What are your thoughts on the current protests in America?
“I have many thoughts as you can see on my instagram stories. I have been very vocal.
“What happened to George Floyd is simply unjust and inhumane, just like all of the innocent black people before him who have died at the hands of police brutality.
“Not only was he not resisting and helpless, he was murdered by the people who are there to ‘protect and serve’.
“It has taken riots in all 50 states and across the globe to have them arrested. And yet people still say racism doesn’t exist.”
What message would you give to George Floyd’s family?
“First and foremost I am truly sorry for your loss. I cannot begin to imagine the pain they must be feeling. But with the pain, I hope they see what an impact he has made.
“I watched a video where his daughter was chanting, ‘My daddy is changing the world.’ And he really is.
“For the first time in a long time, we have united and decided enough is enough. Black people deserve better and we will do better!”
If you could say one thing to Donald Trump what would it be?
“United we stand, divided we fall. It’s as simple as that.”
How can white people use their privilege going forward?
“Demand a change. Use your privilege to help the ones in need. Do not be afraid to educate the people around you.
“Take the time to learn the history, read, watch documentaries, listen to podcasts, use every resource you have.
“We may never be able to fully understand what it feels like but we can educate ourselves and make a difference.
“It’s also about making small changes in your daily life.

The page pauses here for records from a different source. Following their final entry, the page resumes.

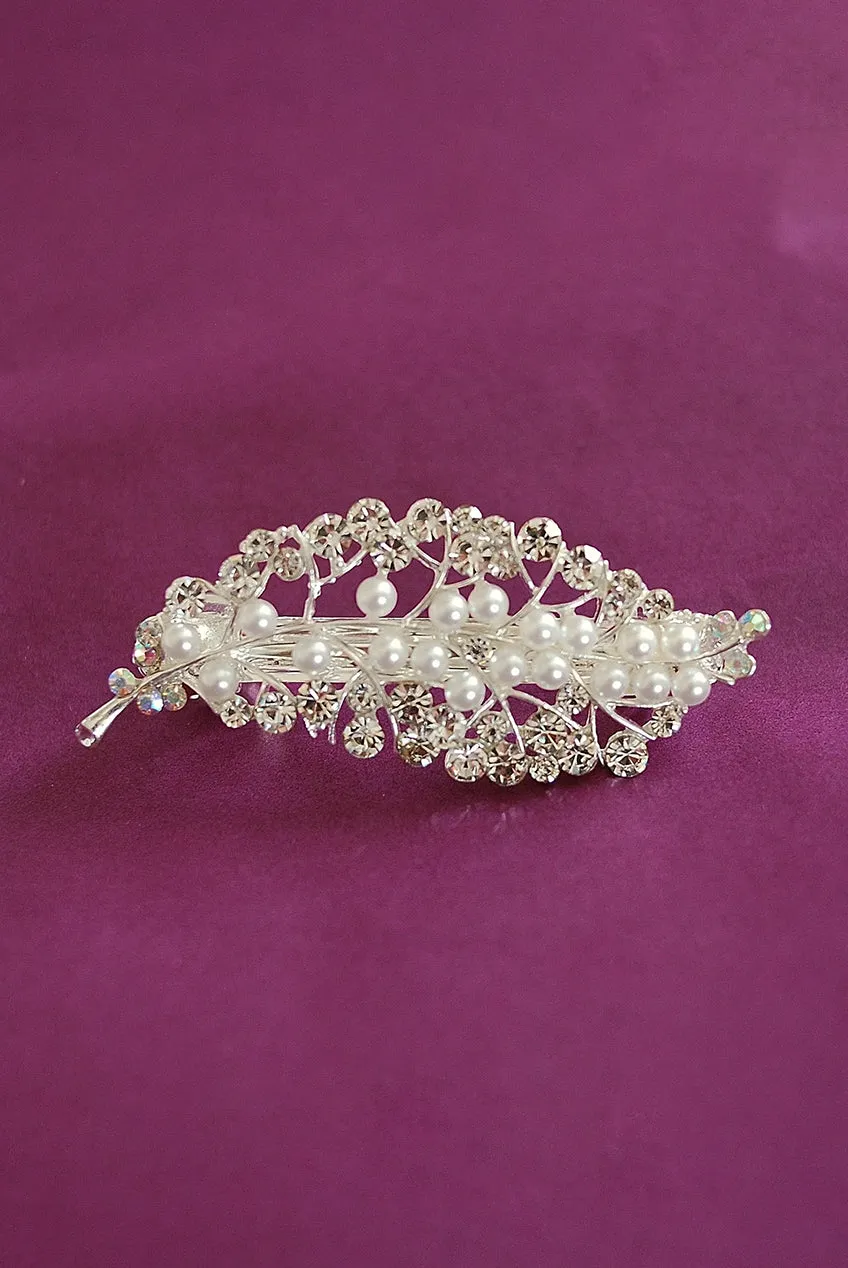 Silver Pearl Hair Clip With Diamante by QueenMee Accessories sold by Goddiva product image thumbnail 2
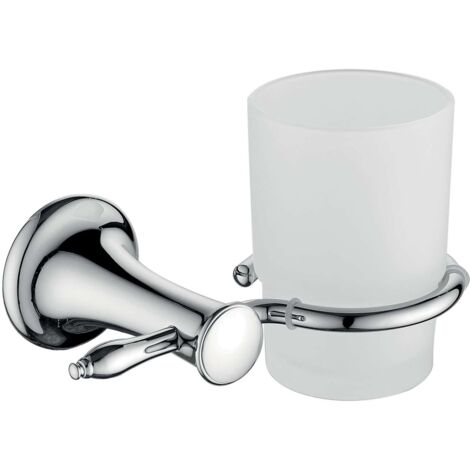 Novaservis Ferro Retro - Portaspazzolino e dentifricio con supporto, vetro opaco/cromo ARE03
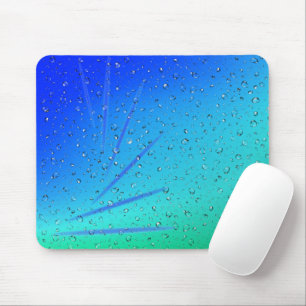 Green & Blue Abstract With Raindrops Mouse Pad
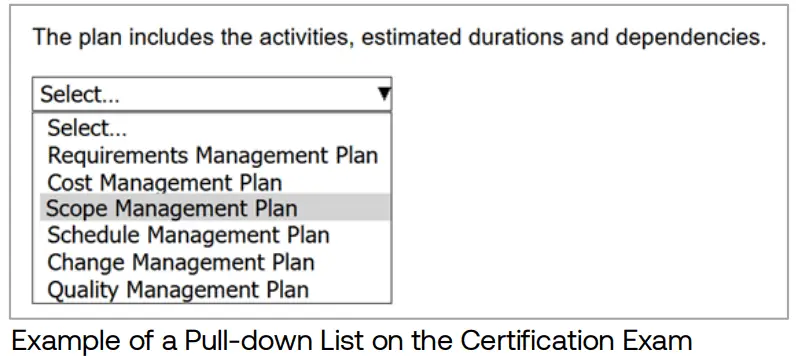 PMP Pull-down list Example PMP Pull-down list Example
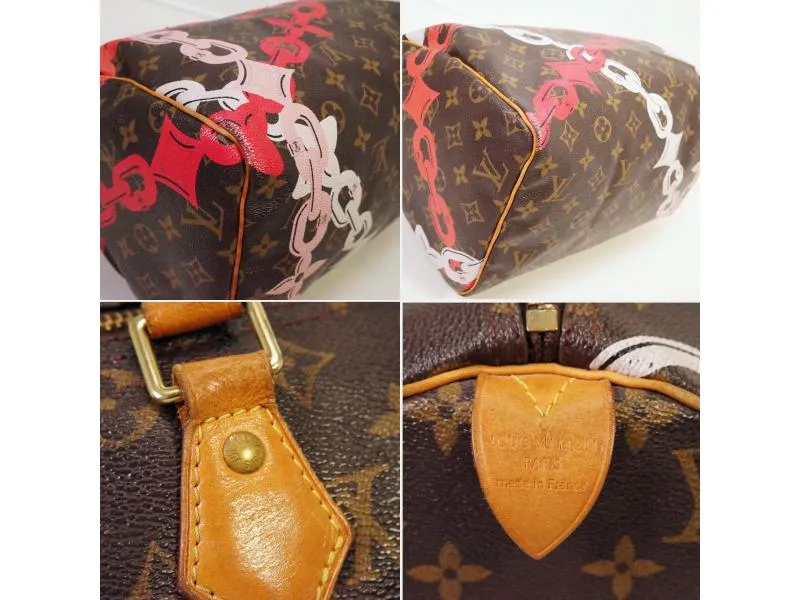 Authentic Pre-owned Louis Vuitton Limited Monogram Bay Speedy 30 Rose Ballerine Poppy M41989 220053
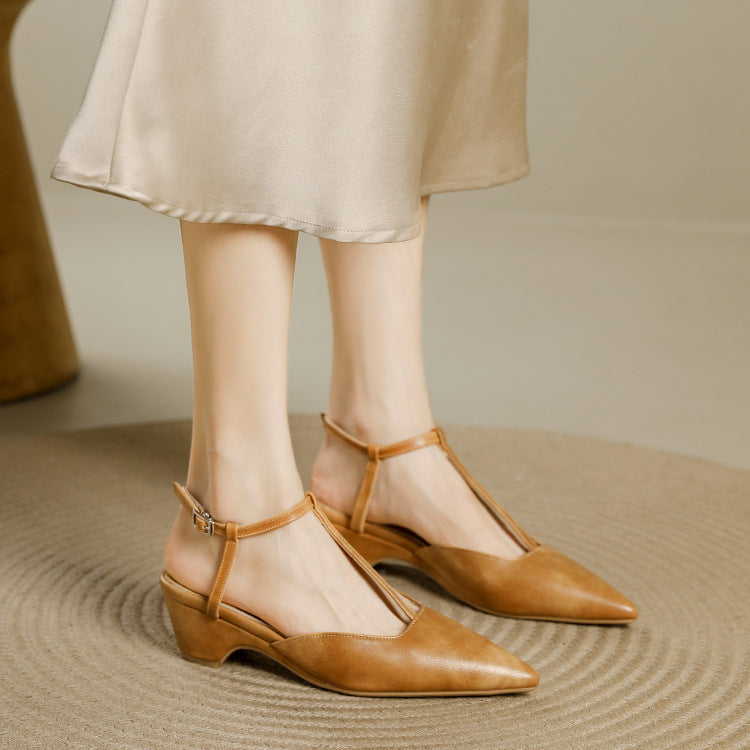 Norma Premium Leather T-Strap Slingback Heels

Reflect and recognise where you are lacking and commit to changing it.
“Find innovative ways to motivate others. Lead by example. It’s simple things that can make such a big difference. Be a leader in your community and lead by example.”
As a makeup artist in Miami, have you witnessed racism?
“I have definitely witnessed racism within the beauty community. When I truly think about it, I wish I would have been as vocal as I am now.
“I cannot begin to tell you how much discrimination I’ve seen when working with artists on different projects.
“Many artists are unprepared and uneducated on working with darker tones. They do not carry ranges in their kit and only cater to a certain range.
“The excuse is always ‘my client really isn’t that dark so why carry it?’ Or, ‘Because I don’t work on that many people of colour, I just do the best that I can.’
“I have seen models wipe off their makeup because the artist made them ashy, too light or even too dark.
“I have been on sets where artists do not have the proper hair products and have damaged their hair in the process. I stood by and tried to be as politically correct as I could, apologised to the client or model and have even tried to excuse them just to try to rectify the situation in the moment.
“What I wish I would have done was to take more of an initiative, to call them out and educate them.
“It is not acceptable and should be an industry standard. If you cannot work on every skin tone, if you do not carry the products needed, you cannot call yourself a professional makeup artist.”
How have you been using your platform to make a change?
“In the past week, I have been using my platform to share awareness and be as supportive of the movement as much as I can.
“I have signed every petition and have even sent emails, but I felt it wasn’t enough. Which is why I decided to take more action within my own community.
“I created a post to educate artists and inspire them to do better. It aims to hold accountable those artists who have failed black people time and time again.
“I have decided I will no longer stand by and allow this to happen. In ‘4 small ways to change racism’, I lay out simple and basic things which honestly should have been the norm.
“I didn’t think that it was going to get as much attention as it has but I am truly thankful that artists around the world are not only sharing and learning from it but also committing to it.”
How can the makeup industry change to defeat racism?
“I would like to see that every artist carries all of the products from foundations to eye shadows that are inclusive and for people of colour.
“I would like to see us highlight more beautiful black clients/models on our social media. They are just as beautiful but yet for whatever reason we do not post them.”
“We can’t choose our clients, but you can make an effort to collaborate with black models or friends, do some fun looks and create content.
“Many artists have actually asked me how I get so many black clients. It’s simple, I represent them in my feed, they see it and know that I am more than capable of working on their skin tone.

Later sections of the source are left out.